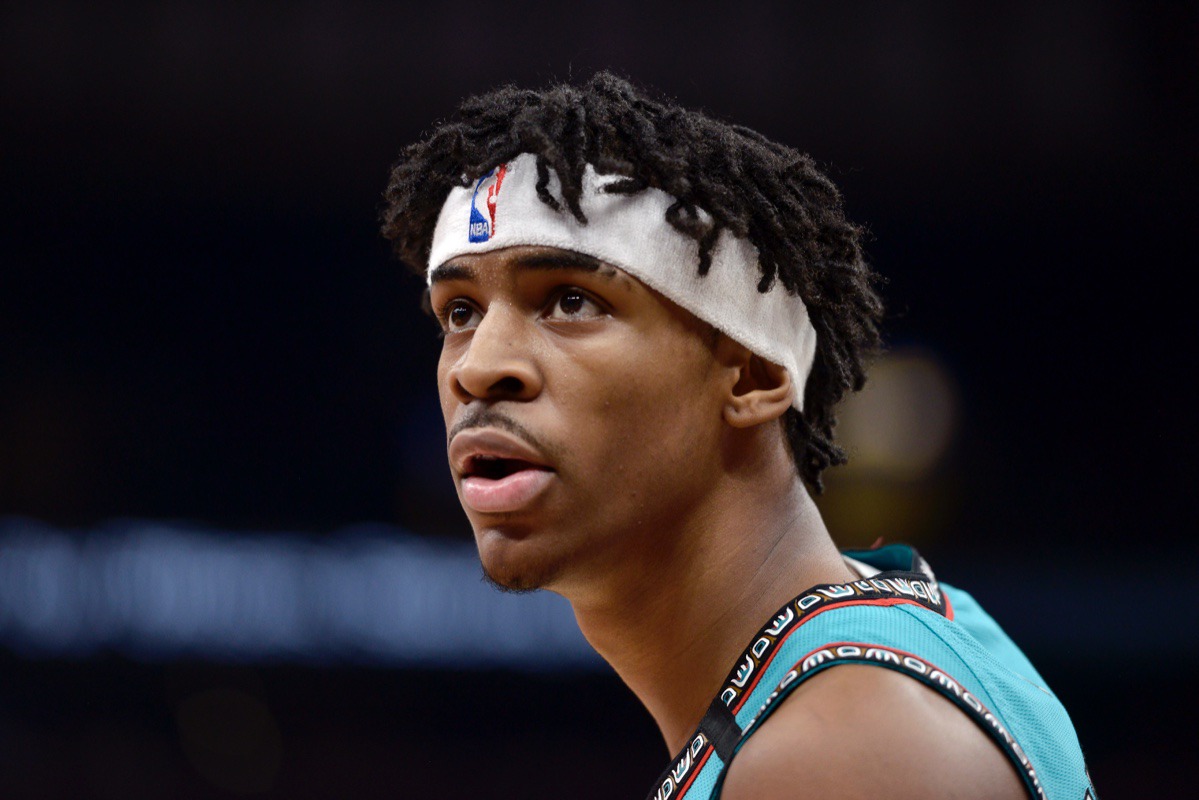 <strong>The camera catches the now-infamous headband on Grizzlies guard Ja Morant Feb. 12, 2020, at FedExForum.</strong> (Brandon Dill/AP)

* * *

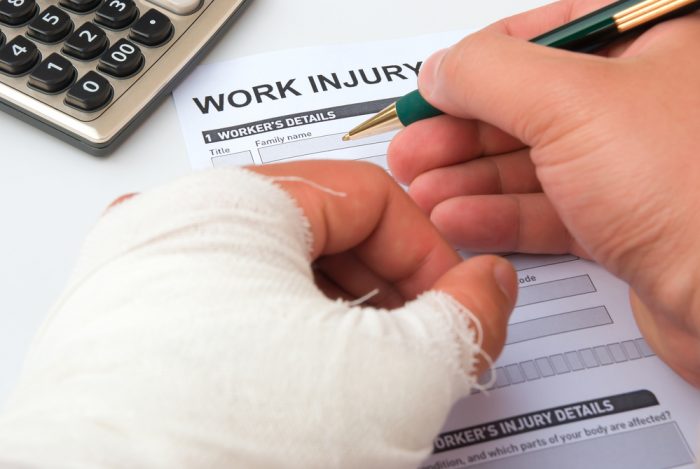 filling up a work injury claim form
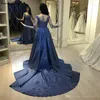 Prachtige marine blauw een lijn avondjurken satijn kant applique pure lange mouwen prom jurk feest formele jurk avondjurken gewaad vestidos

**THE TASK:**
Go to the line above holding "filling up a work injury claim form", then copy exactly each line down to and including the one holding "Prachtige marine blauw", leaving pictures out.

**EXERCISE ANSWER:**
 filling up a work injury claim form
 Prachtige marine blauw een lijn avondjurken satijn kant applique pure lange mouwen prom jurk feest formele jurk avondjurken gewaad vestidos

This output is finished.